→ **Exercise goal**
Below are the entries. Print only the lines starting at the one with "Pink 90's bb (1997) by gross-girl99" and ending at the one with "Apartamenty Argo Cracovia Esterno foto", exactly, with no pictures.

Caption-style text data
----------
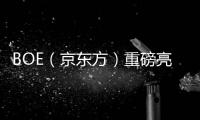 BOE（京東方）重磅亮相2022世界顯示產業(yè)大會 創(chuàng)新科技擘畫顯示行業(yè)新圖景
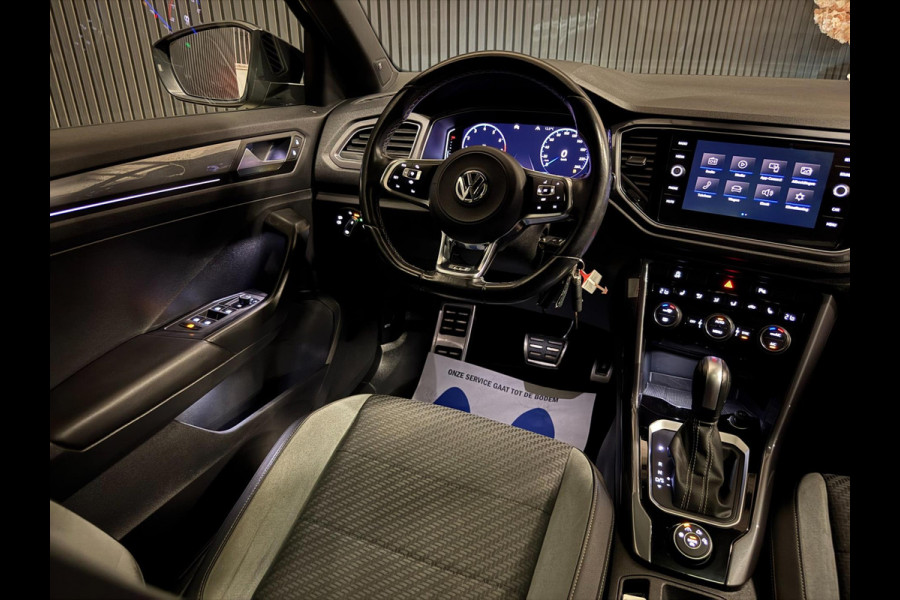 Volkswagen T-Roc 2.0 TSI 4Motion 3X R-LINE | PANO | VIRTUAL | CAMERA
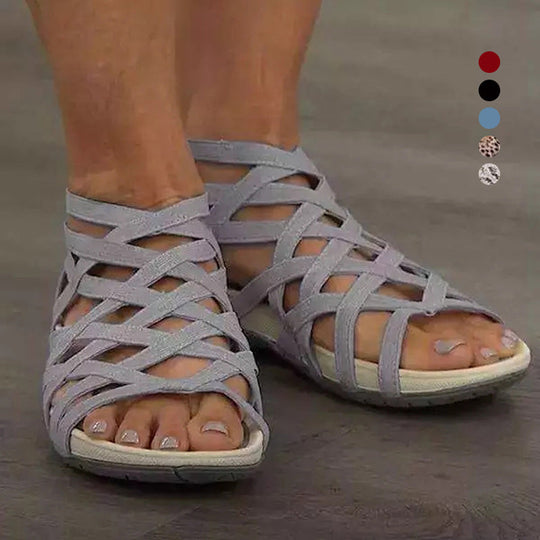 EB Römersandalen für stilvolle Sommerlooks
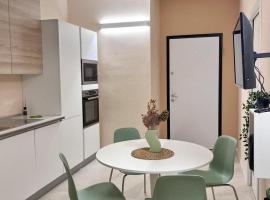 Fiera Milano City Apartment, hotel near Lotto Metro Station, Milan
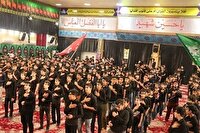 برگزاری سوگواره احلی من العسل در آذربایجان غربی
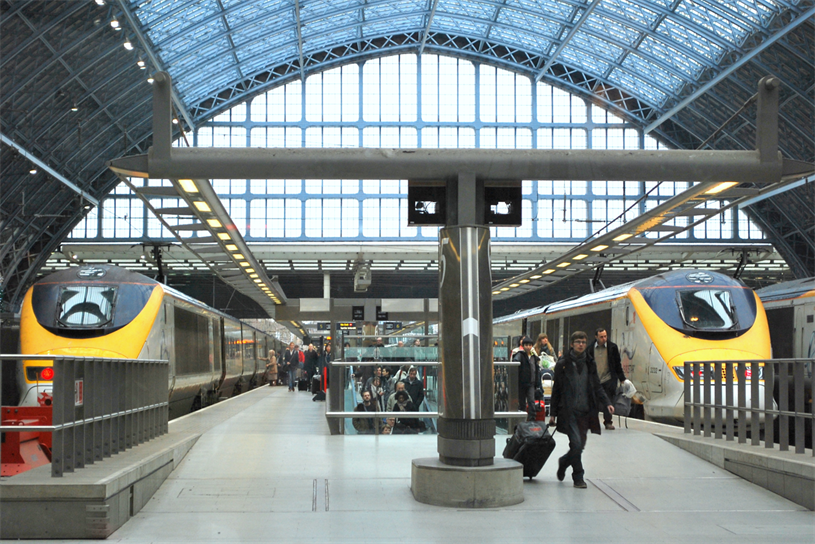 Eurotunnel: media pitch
----------
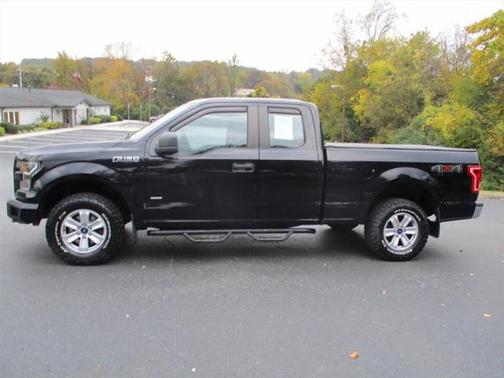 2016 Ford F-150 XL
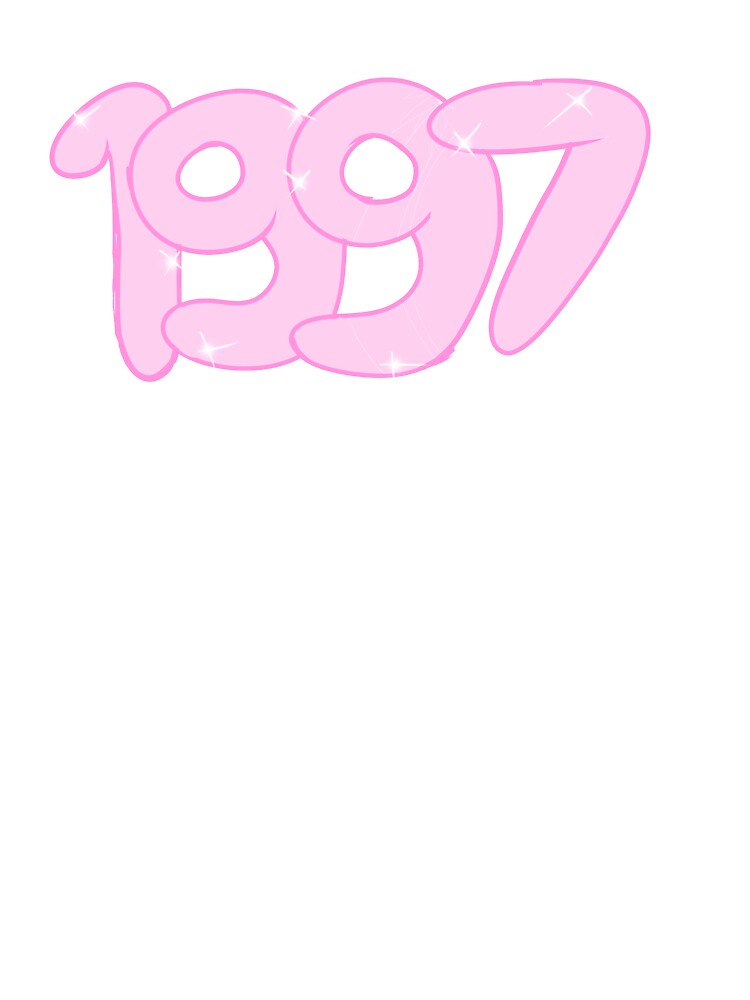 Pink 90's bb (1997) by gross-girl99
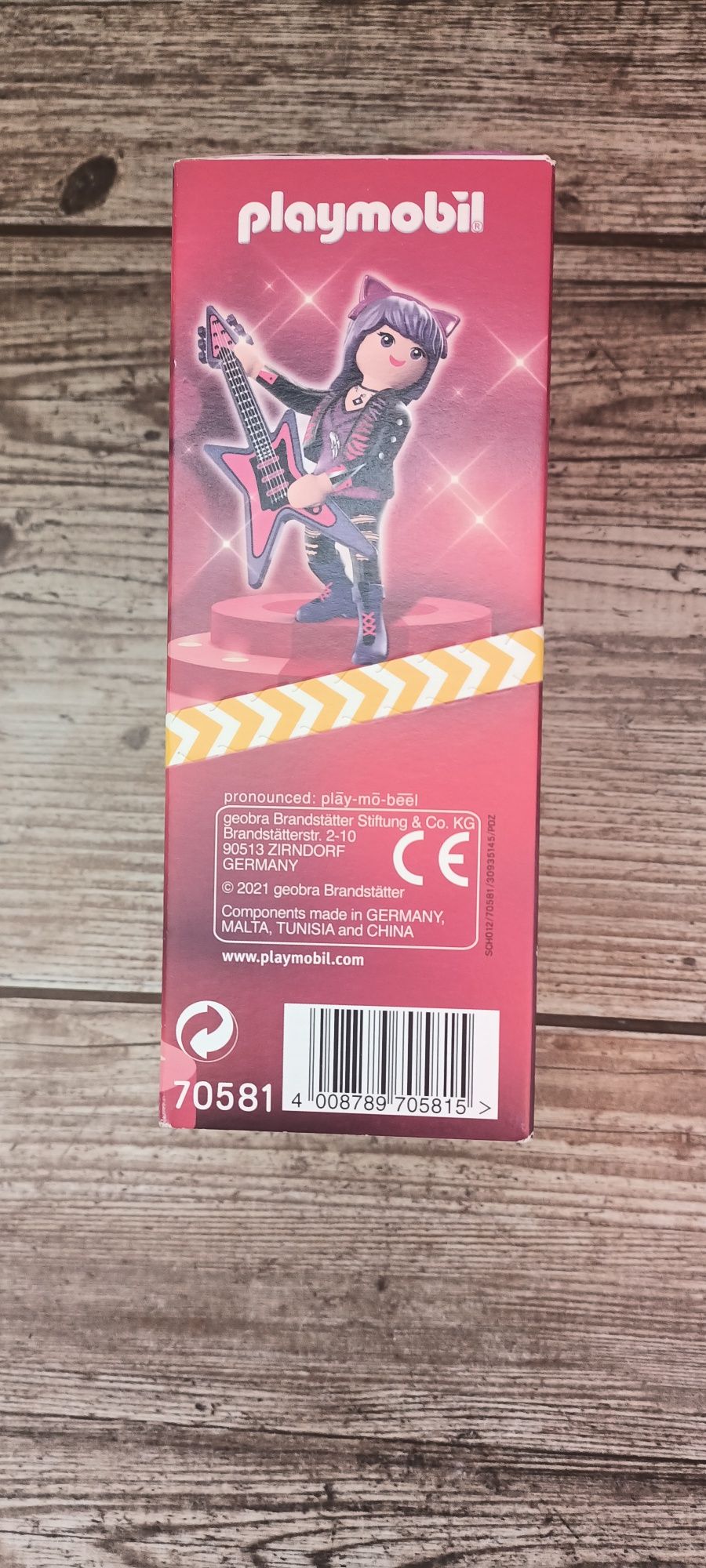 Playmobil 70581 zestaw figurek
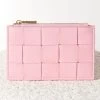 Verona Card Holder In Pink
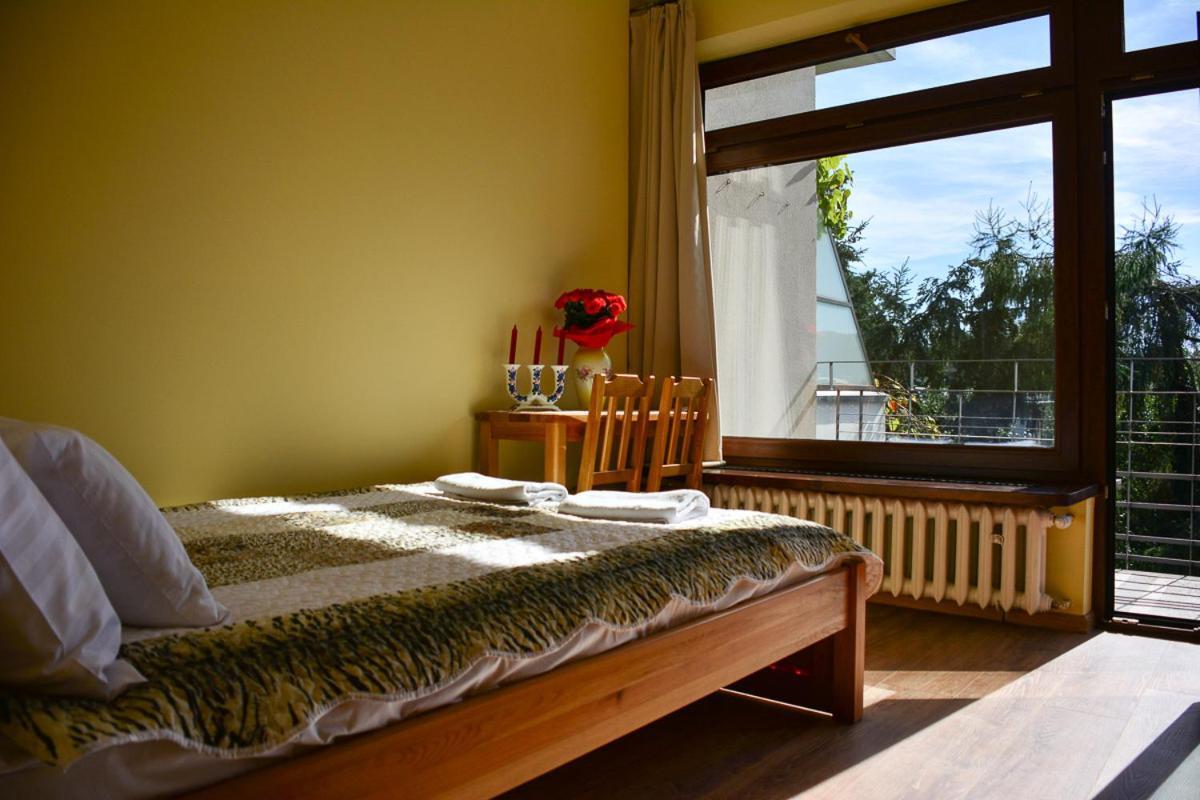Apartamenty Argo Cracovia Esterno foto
----------
→ **Solution to the problem**
 Pink 90's bb (1997) by gross-girl99
 Playmobil 70581 zestaw figurek
 Verona Card Holder In Pink
Apartamenty Argo Cracovia Esterno foto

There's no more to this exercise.